The list above shows the players who qualified, along with the respective weighted dominators in the 2022 class. Robinson, became a full-time wide receiver only last year but managed to elevate his game in his second season. His 2.32 YPTPA and 26% weighted dominator are impressive for the entire class. Not bad for an “athlete”.

Crossing the threshold based on the regression line, Robinson was one of six to do so in his sophomore season. Along with David Bell, Treylon Burks, Garrett Wilson, Zay Flowers, and Wan’Dale Robinson, Tayvion Robinson joins elite company. Compared to the above players in ADP, Flowers is the lowest at consensus WR22 while Robinson remains unranked. Using weighted dominator is specifically important in this context. It shows production within the offense using both yards and touchdowns. It allows us to evaluate players standing out in their situation, proving they can contribute at a high level. Robinson, who was not a prolific producer compared to his peers, was prolific in Hendon Hooker’s subpar passing offense.

YPTPA is an important metric because it distills down efficiency while also accounting for volume. When evaluating a prospect with both metrics (weighted dominator above), it points to not only intent but efficiency with intent (YPTPA).

Although his collegiate production leaves much to be desired, his 592 receiving yards was first on a team that combined for just over 2,200 total passing yards.
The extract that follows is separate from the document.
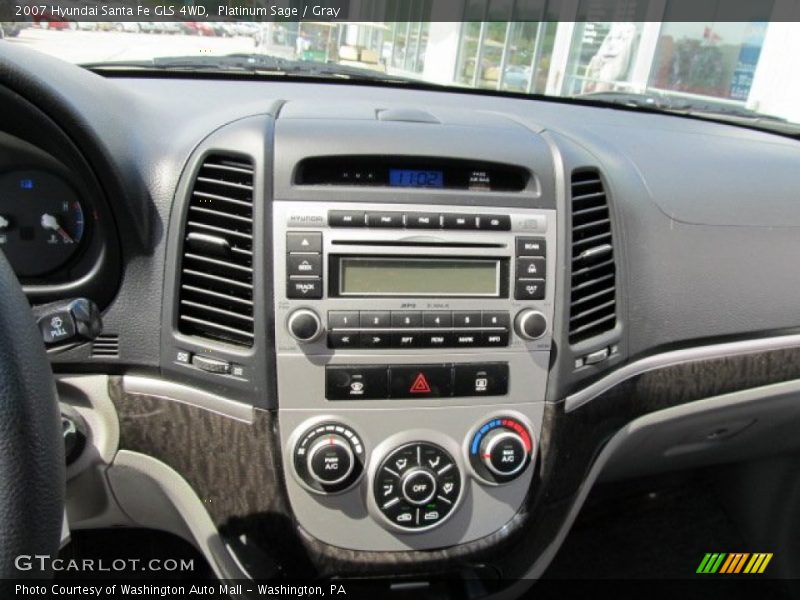 Platinum Sage / Gray 2007 Hyundai Santa Fe GLS 4WD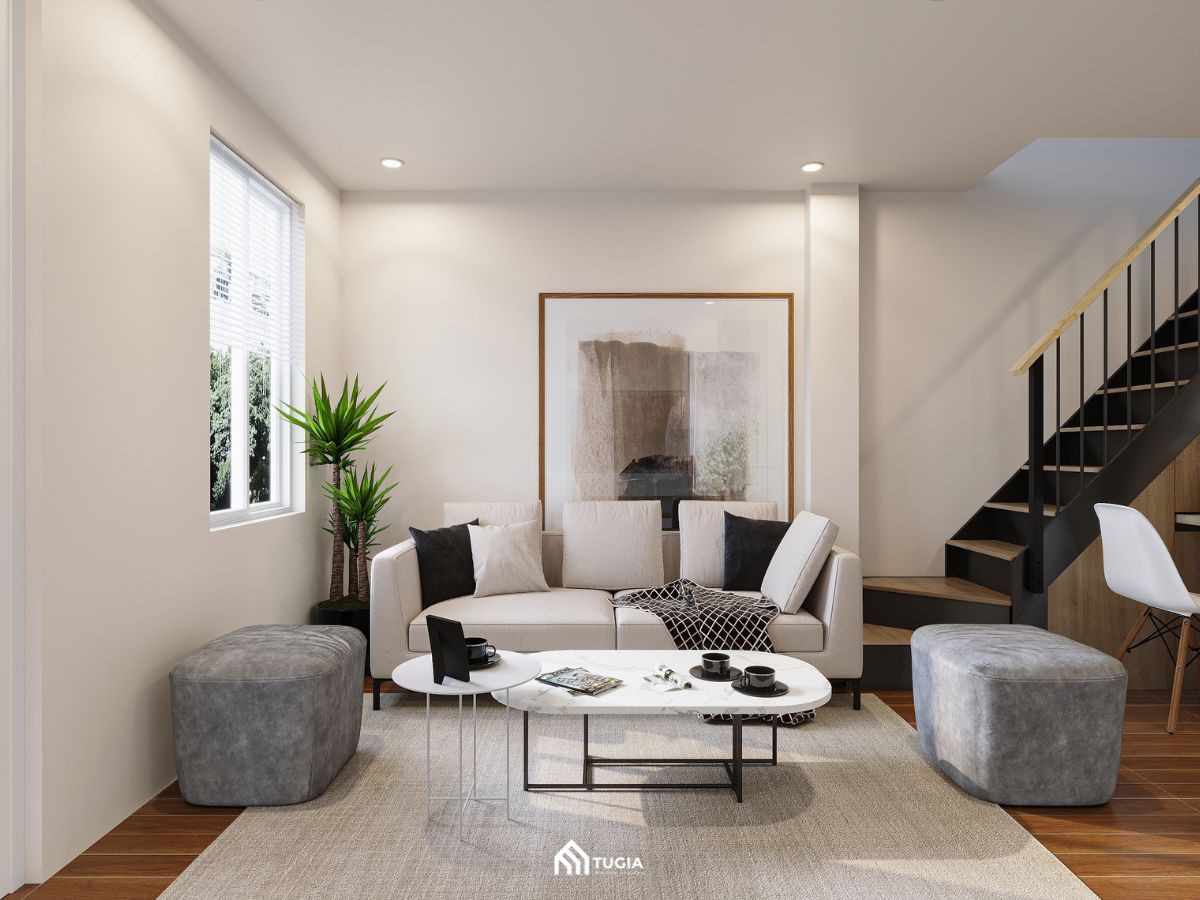 Thiết kế nội thất nhà phố 4 tầng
Being first in receptions, he was also very efficient, evidenced by his YPTPA and 15.6 yards per reception.

Robinson’s Role and What to Expect

Considering year one was marked as a learning year for Robinson, his second year saw him excel at the position. Robinson was limited in his freshman year alignment, but his sophomore season was highlighted by lining up all over the formation. Robinson can play both inside and outside, and his production last year shows the strides he’s making.  

Beyond playing receiver, Robinson was one of the country’s better returners as a true freshman. Securing a spot on PFF’s All-Freshmen team, Robinson graded (83.0) as the highest freshman punt returner in the nation along with an average return of 14.5 yards. Although he struggled in his sophomore year on returns, the dominance as a true freshman shows his return ability regardless.

A full season with Braxton Burmeister at quarterback should improve the overall passing offense, giving Robinson more C2C value. Burmeister flashed some in limited action last season, going 3-1 with a 78% completion percentage and over 10 yards per attempt to end the season against Clemson and Virginia. With Burmeister, Robinson had three of his better games, capping the season off with a 5-98-1 line against the Cavaliers.

Part of what is holding Robinson back is his high-school athletic testing. A 4.87 40-time combined with a 28.4 vertical jump is not good enough for the pro game. The hope for Robinson is that with the right training and strength coaches, he can improve on both marks and get them into acceptable ranges. Although he may never be a special athlete, his production speaks for itself, and he can be good enough.

Conclusion

A productive receiver flying under the radar, this season will be a big test for Tayvion Robinson. Paired with a quarterback with whom he performed the best, Robinson could take the next step and become a household name this time next year. An early producer, his efficiency and market share on a bad passing offense put him in impressive company. Robinson’s outlook has nowhere to go but up. Moving forward, Robinson is my favorite value in devy and C2C drafts and a must-get on all my teams.